Every day the contestants have the chance to try to uncover who has which case through playing compelling challenges, and as the “Whogotit” mystery ramps up for the hotel guests, viewers at home will remain deliciously in-the-know throughout, witness to all of their plans and strategies playing out.
The climax of each episode is the nerve-shredding case swap in the seductive Lady Luck bar where each pair must decide whether to keep or swap their case. Have the couple with the life-changing sum of cash managed to bluff and blag their way free of suspicion? Or will their case be ruthlessly taken off them? And who will be left holding the case containing the Early Checkout Card?
What was it about hosting The Fortune Hotel that initially appealed to you when approached to present the show?
The opportunity to head to the Caribbean sounded very interesting on its own before you even get to what else is involved. That’s the thing that first got my attention but when the game itself was explained to me and I played it, it’s just brilliant. The game is pretty simple but endlessly fascinating so a combination of that alongside the backdrop in which it was set was just pretty irresistible.
Can you give some insight as to what viewers can expect from The Fortune Hotel and how you’d best describe it in a nutshell?
Ten pairs of contestants are trying to win a huge life changing amount of money, the pairs are made up of partners, best friends, parents and children, all sorts of combinations. Each pair has a case they’ve randomly been given, eight cases have nothing in them, one has the Early Checkout card and the remaining case has the cash. You certainly don’t want to end the day with the Early Checkout card because that means you’re going home. The pairs play games, they swap cases, they’re trying to stay at the hotel whilst working out where the cash is and the goal is to be the couple at the end holding it all because if they are, they win a life changing amount of money.
The Fortune Hotel is a different proposition to some of the other shows and projects you’ve fronted, what was it about the show that made you want to front this type of format?
People are endlessly fascinating to me as an actor and the reason you become an actor is because people and how they get on with each other, especially in moments of high stress is deeply fascinating. Human beings are complex and interesting so The Fortune Hotel felt like the perfect mix of entertainment and drama. It’s a way of putting people together under pressure set amongst a stunning location.
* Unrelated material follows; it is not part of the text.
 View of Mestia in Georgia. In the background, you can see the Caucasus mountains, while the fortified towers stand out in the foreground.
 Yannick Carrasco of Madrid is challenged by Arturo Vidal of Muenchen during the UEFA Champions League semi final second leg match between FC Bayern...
The whole package was just incredibly intriguing to me so I had to be a part of it.
You got to shoot in an incredibly luxurious hotel in the Caribbean, can you tell us about the best perks whilst filming and any unforgettable memories or stories you have from the experience?
We took over the entire resort and I got to have a very nice suite without having to pay for it. The presidential suite, which was bigger than my house, it took me four minutes to walk from one side of the living room to the other, it was that big. I had a balcony that looked over the ocean which was west facing so every night we got a view of the sunset and sunsets in the Caribbean are incredible.
The Fortune Hotel is a high octane game of deception, can you tell us about any dramatic moments viewers can expect to see when tuning in?
Everyday ends with a drink at the hotel’s Lady Luck Bar which is referred to as ‘the Night Cap’. The Night Cap is when all the contestants have an opportunity to swap cases with each other which was always dramatic because the people holding the money had no idea whether it was going to be taken away from them. The people who thought they had a safe case had no idea if they were about to be given the Early Checkout card and be sent home so there was always a very tense, exciting, thrilling end to the day where you just never knew what was going to happen.
The show’s cast is a brilliantly eclectic mix of people, can you tell us more about what viewers can expect when they meet the hotel’s 10 pairs of guests?
We’ve got people of all ages, from all parts of the country, from all different backgrounds. Some of them got on like a house on fire and some wanted to set each other’s houses on fire. You put twenty people at random together regardless of how luxurious the resort is, some are going to get on and some aren’t. People trying to cover up the fact they didn’t like each other was almost funnier and more dramatic than people being openly hostile to one another. We’ve all been on holiday and found we’ve met someone that gets up our nose or found friends that we want to be mates with forever and this is no different.
How invested and engrossed were you in the game and did you ever find it difficult to remain neutral amongst all the action?
I found it almost impossible to remain neutral, I was heartbroken for every couple when they were eliminated.
If you could pick any 3 celebrity guests to join you at The Fortune Hotel who would they be?
I’d like to see George Washington who famously boasted that he could never tell a lie so I’d like to put that to the test. I’d like to see Mohamed Ali because he was a great talker and as smart as you like, and Alan Carr because he’s hilarious and would get into a pickle.